TASK OBJECTIVE:
Every line of the material is to be transcribed verbatim, with images omitted.

DATASET EXCERPTS:

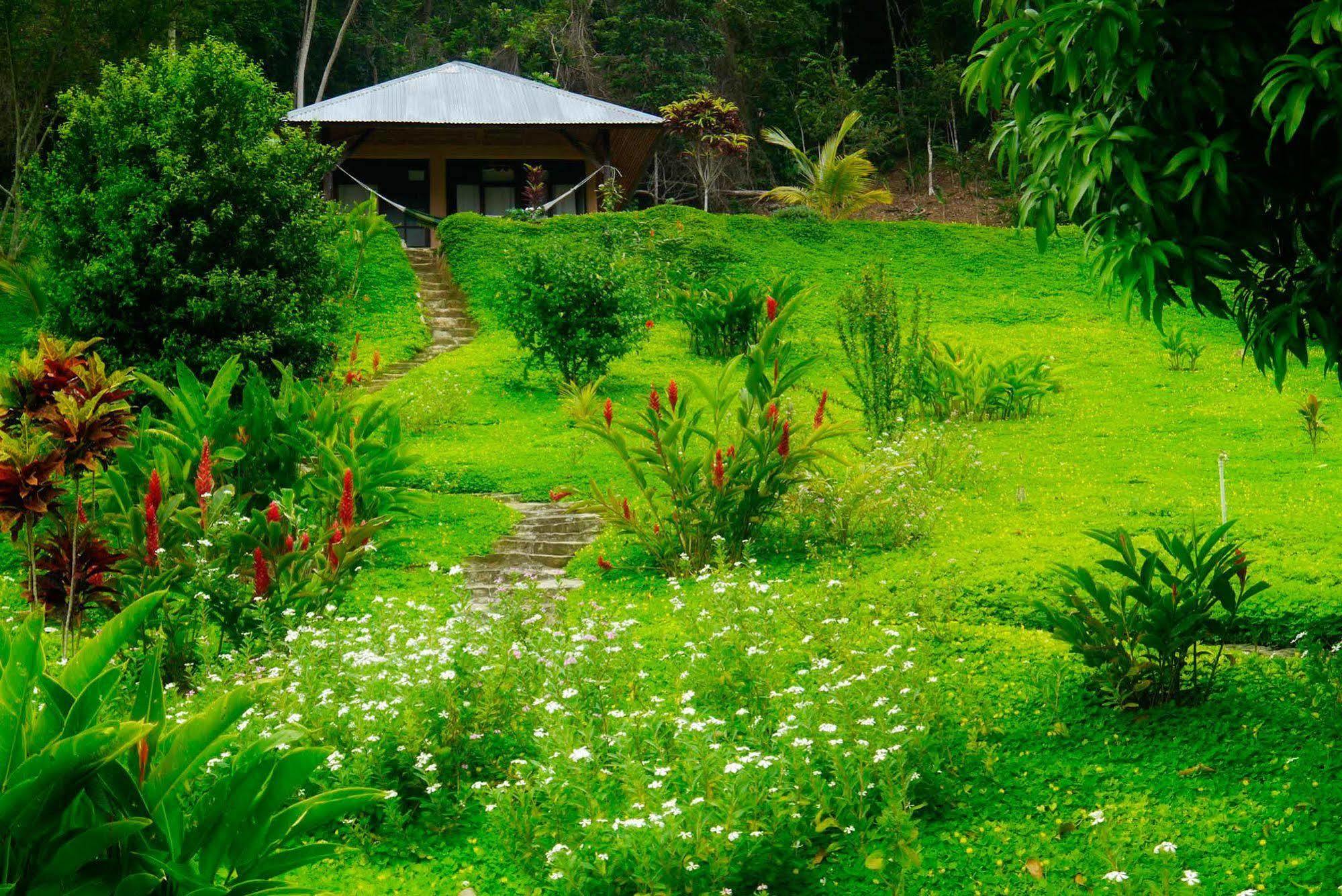 Cordillera Escalera Lodge Tarapoto Exteriör bild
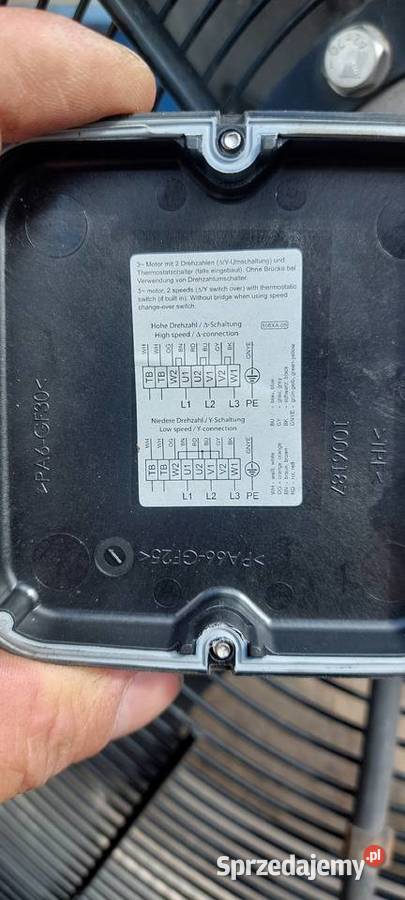 Wentylator FN080SDQ6N V7 Pszczyna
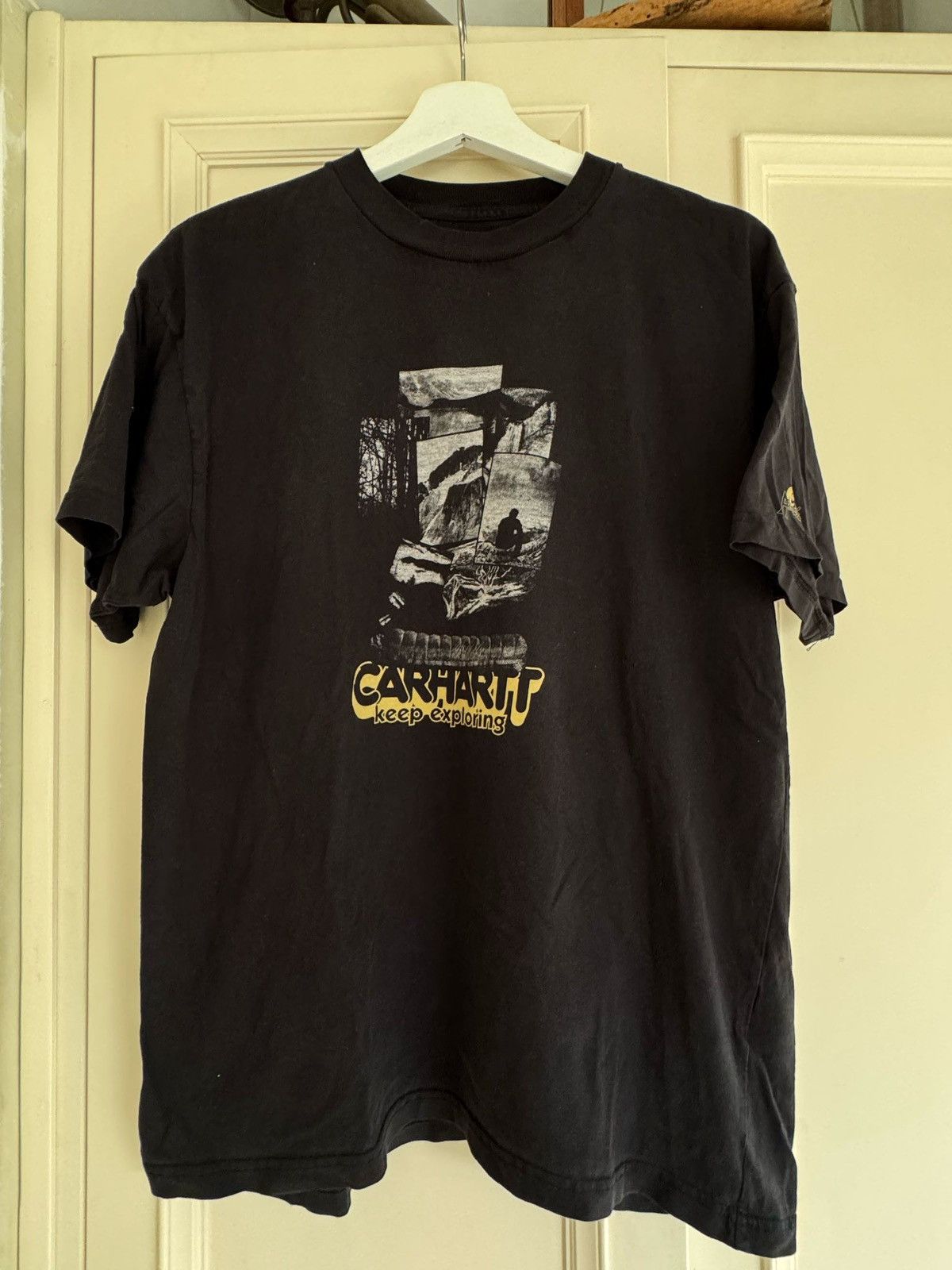 Carhartt Wip Carhartt whip t-shirt Size US M / EU 48-50 / 2 - 2 Thumbnail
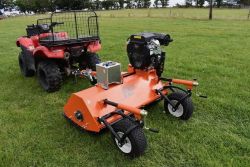 POWER-UP ATV UTV TOWABLE FLAIL MOWER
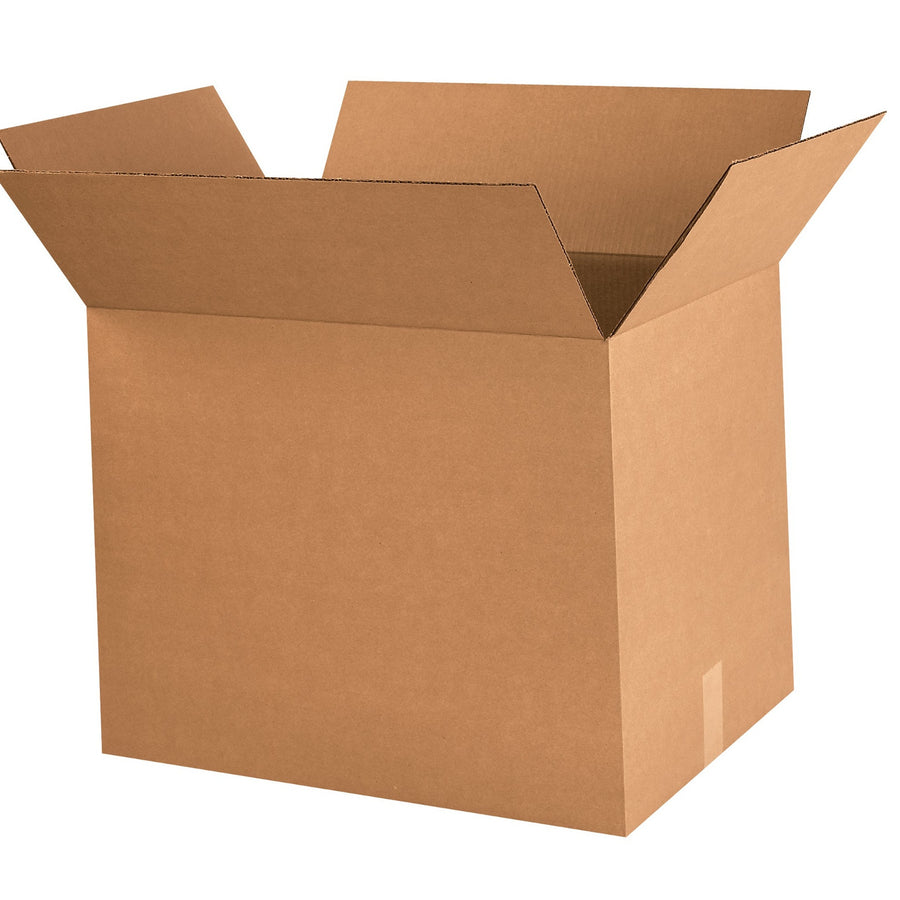 23x16x18 5/8 ECT-32 Kraft Corrugated Shipping Boxes 15-Pack 231618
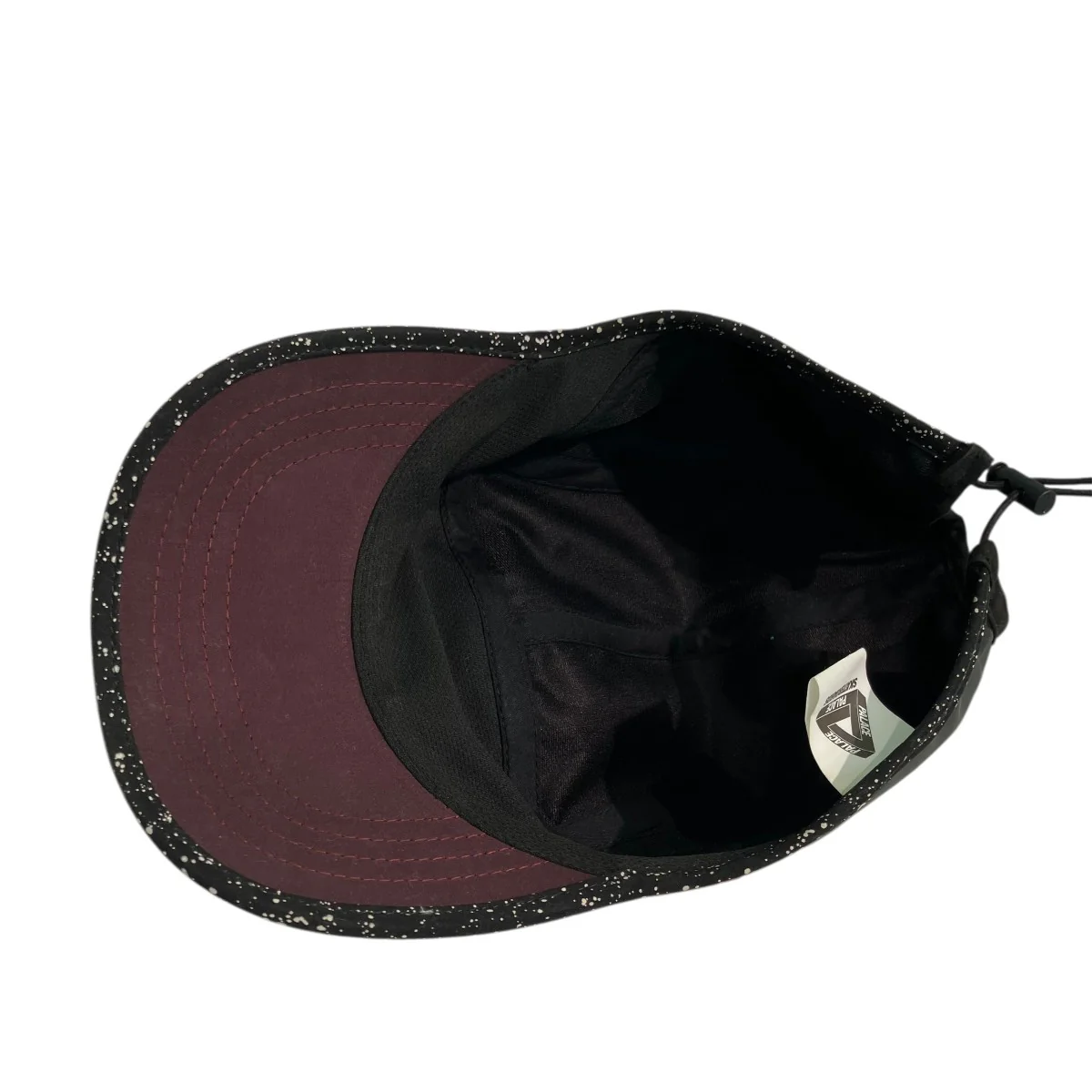 OUTDOOR SHELL RUNNING HATキャップ - Image 4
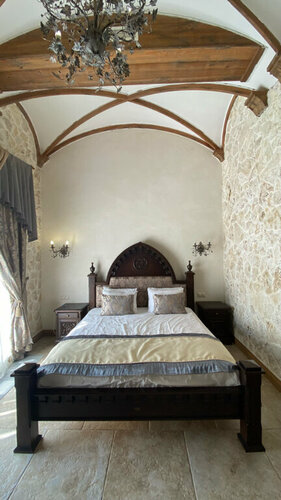 Гостиница Soldaya Grand Hotel & Resort в Судаке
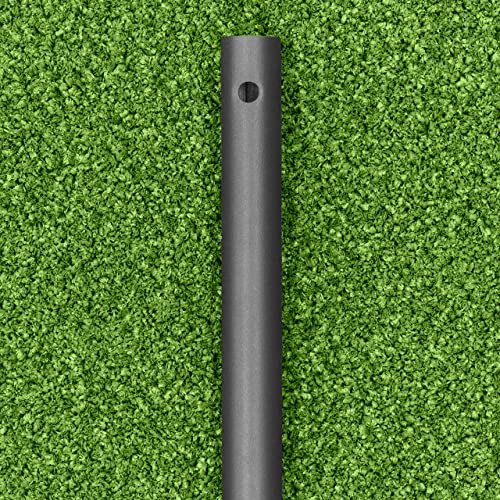 FORTRESS Replacement Parts for Trapezoid Baseball Batting Cages | Batting Cage Replacement Poles & Connectors | Net Not Included (Part 5b (Female))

TASK RESULT:
 Cordillera Escalera Lodge Tarapoto Exteriör bild
 Wentylator FN080SDQ6N V7 Pszczyna
 Carhartt Wip Carhartt whip t-shirt Size US M / EU 48-50 / 2 - 2 Thumbnail
 POWER-UP ATV UTV TOWABLE FLAIL MOWER
 23x16x18 5/8 ECT-32 Kraft Corrugated Shipping Boxes 15-Pack 231618
 OUTDOOR SHELL RUNNING HATキャップ - Image 4
 Гостиница Soldaya Grand Hotel & Resort в Судаке
 FORTRESS Replacement Parts for Trapezoid Baseball Batting Cages | Batting Cage Replacement Poles & Connectors | Net Not Included (Part 5b (Female))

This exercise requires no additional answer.